══ Dataset ══

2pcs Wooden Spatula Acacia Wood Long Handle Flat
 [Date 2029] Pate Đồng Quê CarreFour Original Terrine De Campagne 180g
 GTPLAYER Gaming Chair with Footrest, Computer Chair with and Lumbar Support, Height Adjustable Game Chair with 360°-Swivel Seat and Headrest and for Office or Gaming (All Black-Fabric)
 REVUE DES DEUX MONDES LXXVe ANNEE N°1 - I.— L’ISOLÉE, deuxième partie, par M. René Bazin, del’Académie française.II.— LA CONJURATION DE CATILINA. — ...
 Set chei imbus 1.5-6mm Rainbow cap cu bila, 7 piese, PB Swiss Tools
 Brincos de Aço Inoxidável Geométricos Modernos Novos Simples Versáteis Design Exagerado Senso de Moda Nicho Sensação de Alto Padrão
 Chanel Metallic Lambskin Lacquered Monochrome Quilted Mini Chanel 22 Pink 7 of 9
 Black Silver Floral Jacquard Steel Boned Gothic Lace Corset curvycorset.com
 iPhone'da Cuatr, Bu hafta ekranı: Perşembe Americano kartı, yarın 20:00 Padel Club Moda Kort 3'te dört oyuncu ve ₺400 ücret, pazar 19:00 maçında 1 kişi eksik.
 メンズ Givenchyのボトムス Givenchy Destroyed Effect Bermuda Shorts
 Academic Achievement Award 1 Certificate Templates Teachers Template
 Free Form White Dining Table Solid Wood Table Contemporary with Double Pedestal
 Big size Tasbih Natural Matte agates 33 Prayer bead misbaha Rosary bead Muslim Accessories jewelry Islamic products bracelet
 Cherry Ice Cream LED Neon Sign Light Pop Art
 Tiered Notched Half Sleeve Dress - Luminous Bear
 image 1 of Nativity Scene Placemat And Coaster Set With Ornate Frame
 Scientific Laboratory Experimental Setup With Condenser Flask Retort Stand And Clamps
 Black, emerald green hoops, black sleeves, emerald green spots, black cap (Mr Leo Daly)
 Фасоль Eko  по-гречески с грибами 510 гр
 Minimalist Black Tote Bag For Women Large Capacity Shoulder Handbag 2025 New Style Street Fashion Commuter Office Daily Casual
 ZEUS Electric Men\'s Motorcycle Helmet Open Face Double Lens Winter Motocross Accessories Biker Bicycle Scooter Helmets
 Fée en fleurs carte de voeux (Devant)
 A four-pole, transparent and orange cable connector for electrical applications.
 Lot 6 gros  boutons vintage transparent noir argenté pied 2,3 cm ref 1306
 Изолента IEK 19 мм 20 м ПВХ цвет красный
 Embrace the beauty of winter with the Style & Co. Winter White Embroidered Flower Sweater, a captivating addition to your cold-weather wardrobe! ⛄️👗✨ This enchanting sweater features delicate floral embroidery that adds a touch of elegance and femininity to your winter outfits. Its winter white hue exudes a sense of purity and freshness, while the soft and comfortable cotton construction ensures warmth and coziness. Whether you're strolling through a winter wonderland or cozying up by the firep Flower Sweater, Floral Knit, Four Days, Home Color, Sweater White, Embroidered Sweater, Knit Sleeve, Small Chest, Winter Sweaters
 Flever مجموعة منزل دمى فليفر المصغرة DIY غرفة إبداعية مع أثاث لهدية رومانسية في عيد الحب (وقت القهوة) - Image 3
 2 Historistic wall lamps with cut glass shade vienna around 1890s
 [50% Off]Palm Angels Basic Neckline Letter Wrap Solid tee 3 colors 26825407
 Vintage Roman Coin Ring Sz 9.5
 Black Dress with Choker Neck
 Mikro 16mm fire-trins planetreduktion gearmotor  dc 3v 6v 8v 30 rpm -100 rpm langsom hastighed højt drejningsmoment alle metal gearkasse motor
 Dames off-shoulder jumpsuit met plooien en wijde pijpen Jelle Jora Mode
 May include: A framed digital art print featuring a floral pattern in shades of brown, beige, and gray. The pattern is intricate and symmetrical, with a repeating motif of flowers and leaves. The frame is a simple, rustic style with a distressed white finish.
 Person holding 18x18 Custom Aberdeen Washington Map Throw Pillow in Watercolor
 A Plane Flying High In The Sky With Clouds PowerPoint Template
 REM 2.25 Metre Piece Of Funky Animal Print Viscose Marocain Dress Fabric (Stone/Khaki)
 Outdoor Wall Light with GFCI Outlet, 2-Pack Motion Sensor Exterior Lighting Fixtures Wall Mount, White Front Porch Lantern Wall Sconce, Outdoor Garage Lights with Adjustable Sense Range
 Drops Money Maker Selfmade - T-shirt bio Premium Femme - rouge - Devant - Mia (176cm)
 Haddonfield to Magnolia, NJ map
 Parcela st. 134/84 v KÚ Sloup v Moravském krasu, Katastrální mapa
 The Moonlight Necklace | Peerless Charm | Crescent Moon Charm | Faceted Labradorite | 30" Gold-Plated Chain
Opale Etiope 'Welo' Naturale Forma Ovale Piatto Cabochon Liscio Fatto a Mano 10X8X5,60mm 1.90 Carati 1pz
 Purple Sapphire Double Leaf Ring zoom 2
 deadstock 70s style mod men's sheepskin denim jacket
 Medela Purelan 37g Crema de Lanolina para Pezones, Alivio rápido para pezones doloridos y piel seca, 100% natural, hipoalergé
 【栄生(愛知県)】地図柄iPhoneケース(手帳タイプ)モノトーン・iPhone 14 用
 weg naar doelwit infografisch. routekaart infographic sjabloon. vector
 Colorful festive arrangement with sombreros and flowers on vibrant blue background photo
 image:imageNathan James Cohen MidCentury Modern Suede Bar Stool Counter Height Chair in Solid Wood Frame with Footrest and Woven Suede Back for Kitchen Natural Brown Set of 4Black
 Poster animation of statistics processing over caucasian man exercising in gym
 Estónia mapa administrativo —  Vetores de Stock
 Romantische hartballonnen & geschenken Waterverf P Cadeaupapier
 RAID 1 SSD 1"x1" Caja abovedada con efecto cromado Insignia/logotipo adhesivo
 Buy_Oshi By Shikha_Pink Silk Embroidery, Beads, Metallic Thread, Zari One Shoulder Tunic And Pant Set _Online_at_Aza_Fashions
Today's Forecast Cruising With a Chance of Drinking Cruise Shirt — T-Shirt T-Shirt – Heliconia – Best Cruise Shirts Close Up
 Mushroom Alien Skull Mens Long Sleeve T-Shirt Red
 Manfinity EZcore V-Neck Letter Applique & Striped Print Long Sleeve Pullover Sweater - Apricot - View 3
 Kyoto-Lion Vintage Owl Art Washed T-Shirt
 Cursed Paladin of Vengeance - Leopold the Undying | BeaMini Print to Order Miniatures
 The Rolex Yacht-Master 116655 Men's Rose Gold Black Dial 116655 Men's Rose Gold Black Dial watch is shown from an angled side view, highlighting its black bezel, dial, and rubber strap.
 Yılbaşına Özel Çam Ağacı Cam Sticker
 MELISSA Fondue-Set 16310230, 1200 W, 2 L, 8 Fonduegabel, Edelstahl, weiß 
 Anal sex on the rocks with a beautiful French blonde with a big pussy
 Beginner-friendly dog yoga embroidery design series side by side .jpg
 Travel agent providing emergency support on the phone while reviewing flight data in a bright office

═══

_About this exercise_
Every line of the entries above that holds "side" should be copied out.

_Task output_
 The Rolex Yacht-Master 116655 Men's Rose Gold Black Dial 116655 Men's Rose Gold Black Dial watch is shown from an angled side view, highlighting its black bezel, dial, and rubber strap.
 Beginner-friendly dog yoga embroidery design series side by side .jpg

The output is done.